- [EXERCISE OBJECTIVE] In duplicating the lines below, keep every word unchanged and drop the pictures.

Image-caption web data

○ ○ ○ ○ ○

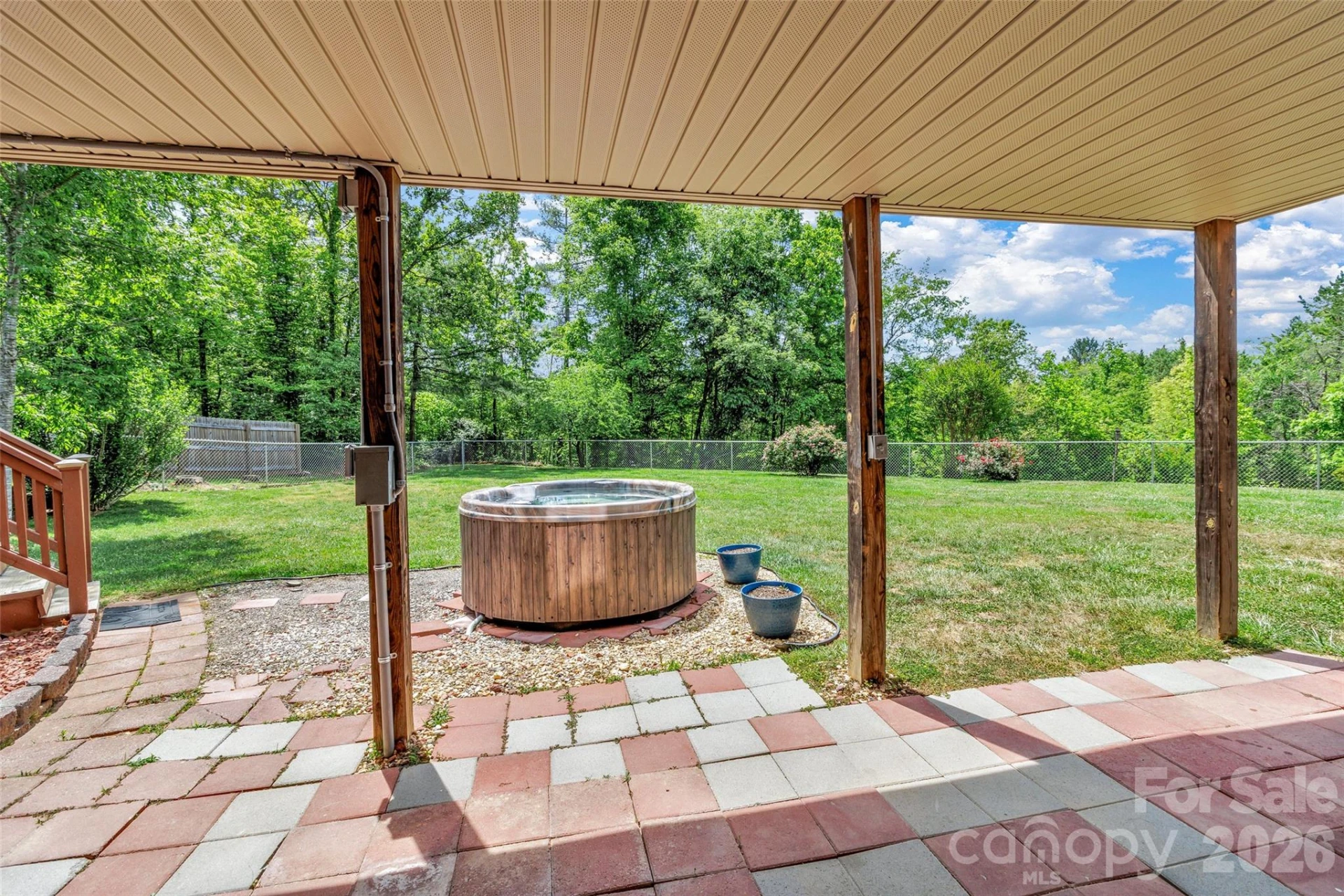 38 Chadwick Wade Drive - Photo 47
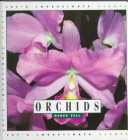 Cover of Orchids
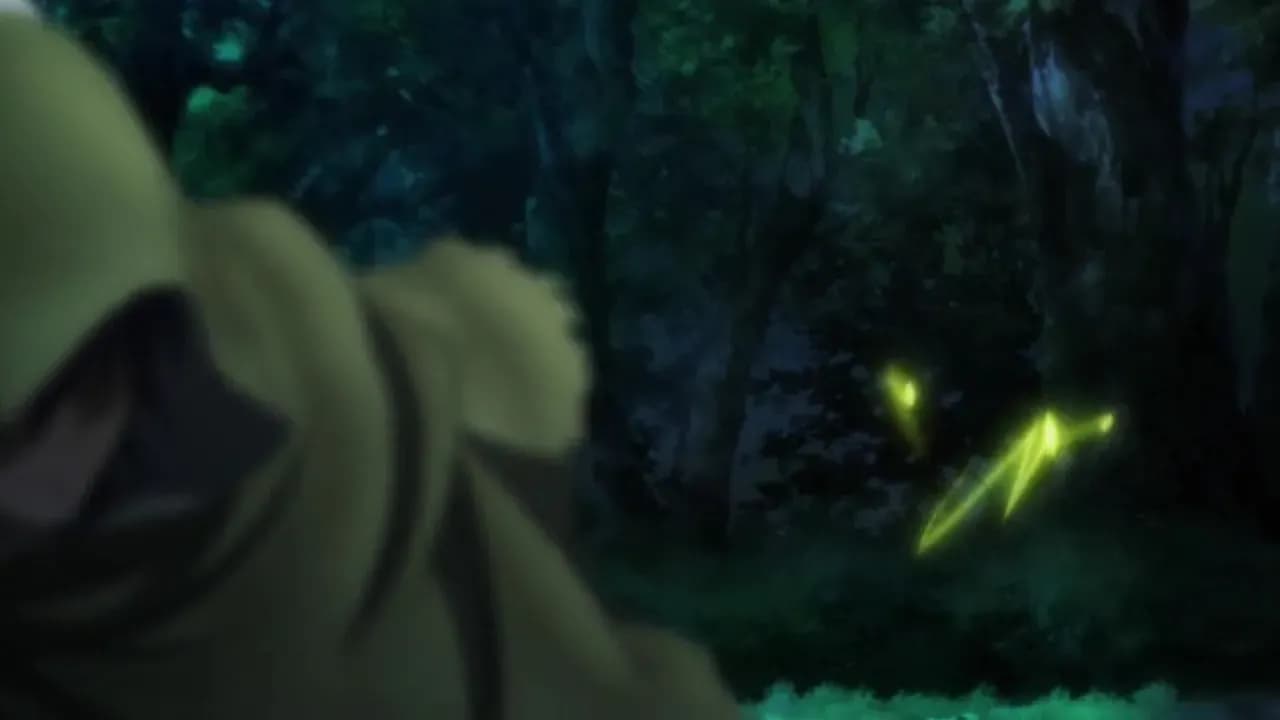 Эстетика заблудшего героя screenshot 2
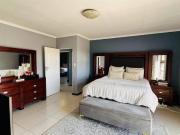 4 Bedroom House in Reyno Ridge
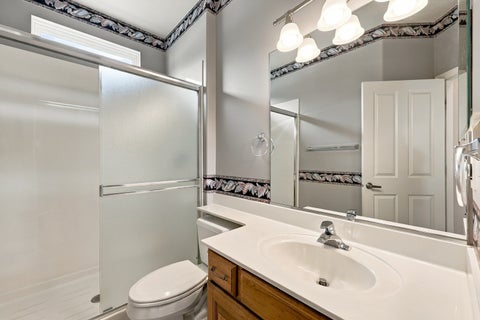 Tiny photo for 12996 Wisconsin Circle, Huntley, IL 60142 (MLS # 12768571)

○ ○ ○ ○ ○

- [RESULT FOR THIS TASK]
 38 Chadwick Wade Drive - Photo 47
 Cover of Orchids
 Эстетика заблудшего героя screenshot 2
 4 Bedroom House in Reyno Ridge
 Tiny photo for 12996 Wisconsin Circle, Huntley, IL 60142 (MLS # 12768571)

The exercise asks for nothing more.